--- SUPPLIED INFORMATION ---
──────────────────────────────
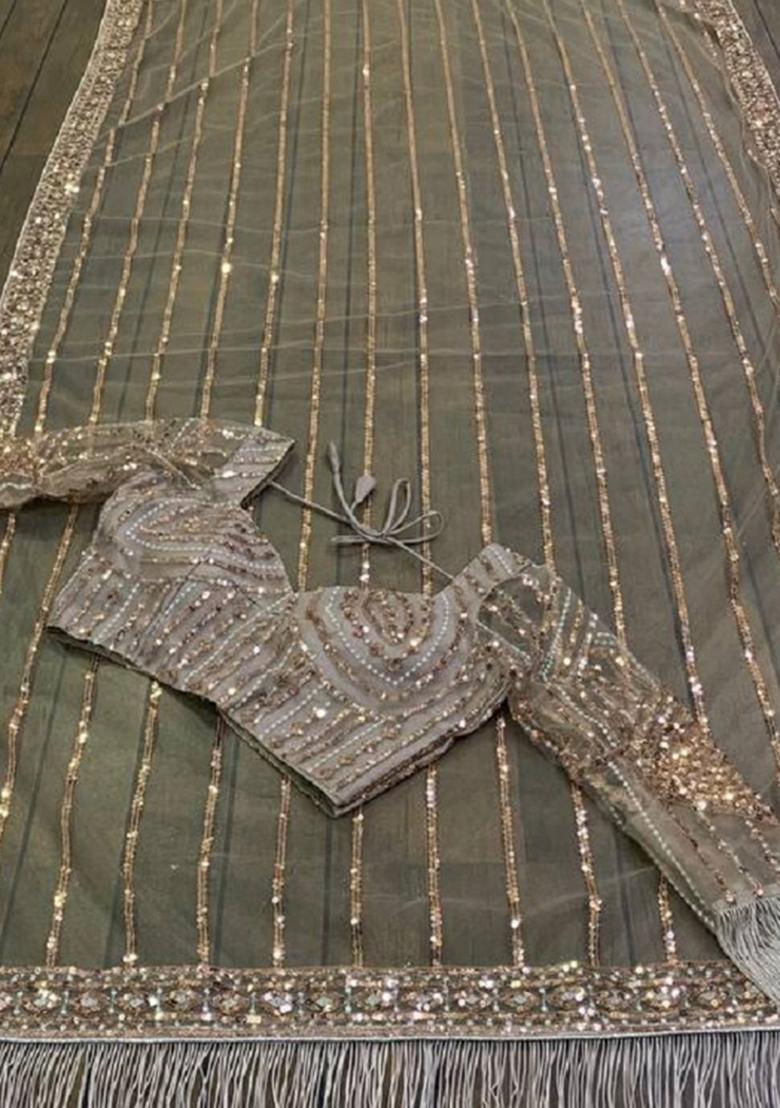 Grey Embroidered Net Saree Set - Indya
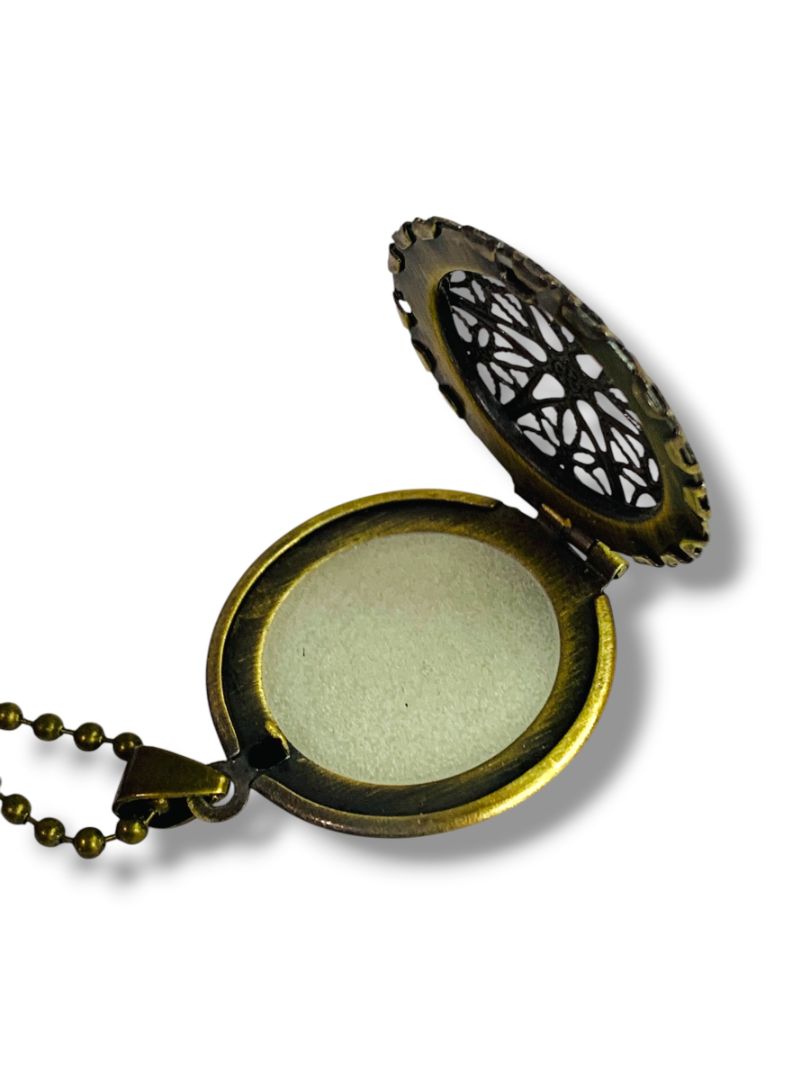 Vintage Filigree Locket Pendant on Ball Chain Necklace 23.5"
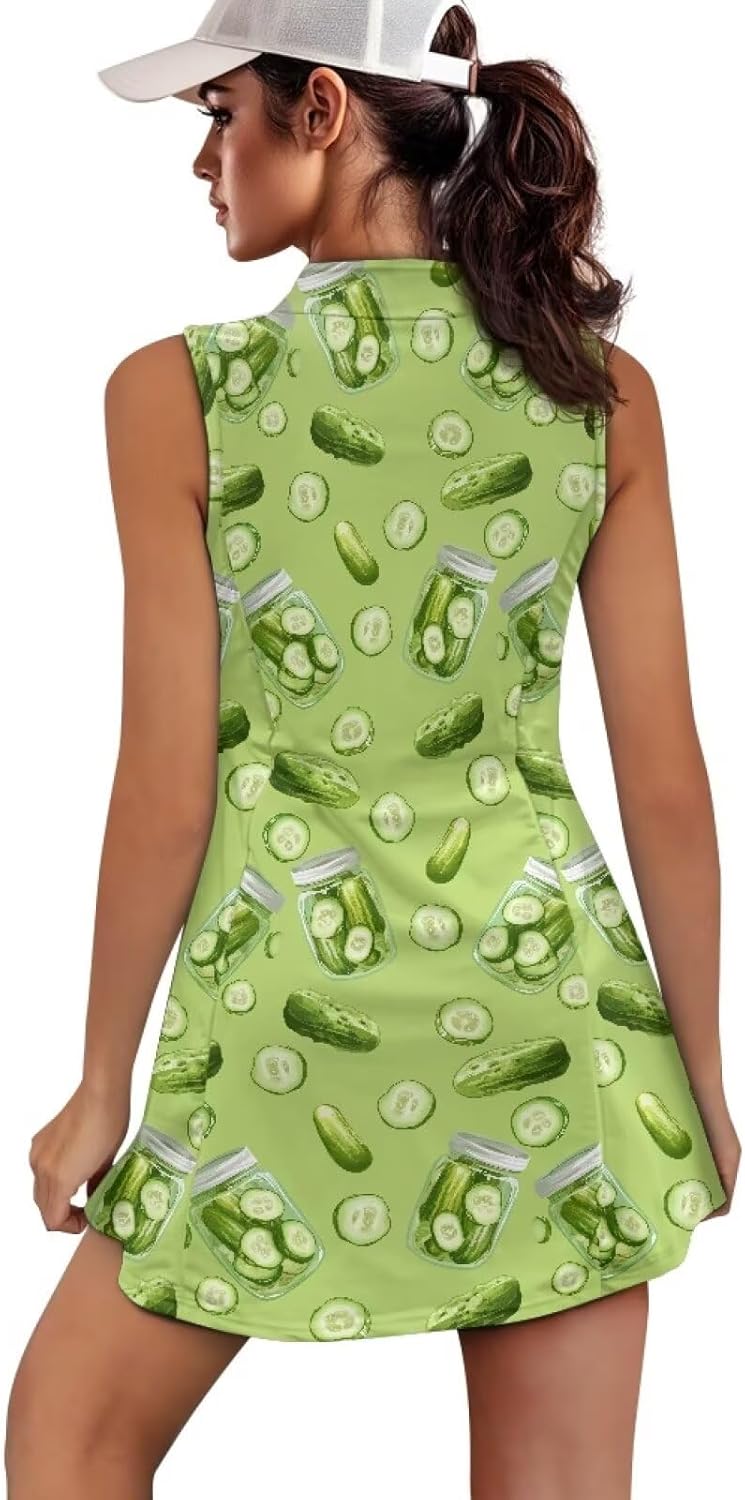 Womens Zipper Collared Tennis Dresses Built in Shorts Sleeveless Golf Outfits Athletic Workout Dress with Pockets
──────────────────────────────
--- WHAT NEEDS TO BE DONE ---
When you transcribe the lines above, keep every word exact but leave the pictures behind.

--- ANSWER AREA ---
 Grey Embroidered Net Saree Set - Indya
 Vintage Filigree Locket Pendant on Ball Chain Necklace 23.5"
 Womens Zipper Collared Tennis Dresses Built in Shorts Sleeveless Golf Outfits Athletic Workout Dress with Pockets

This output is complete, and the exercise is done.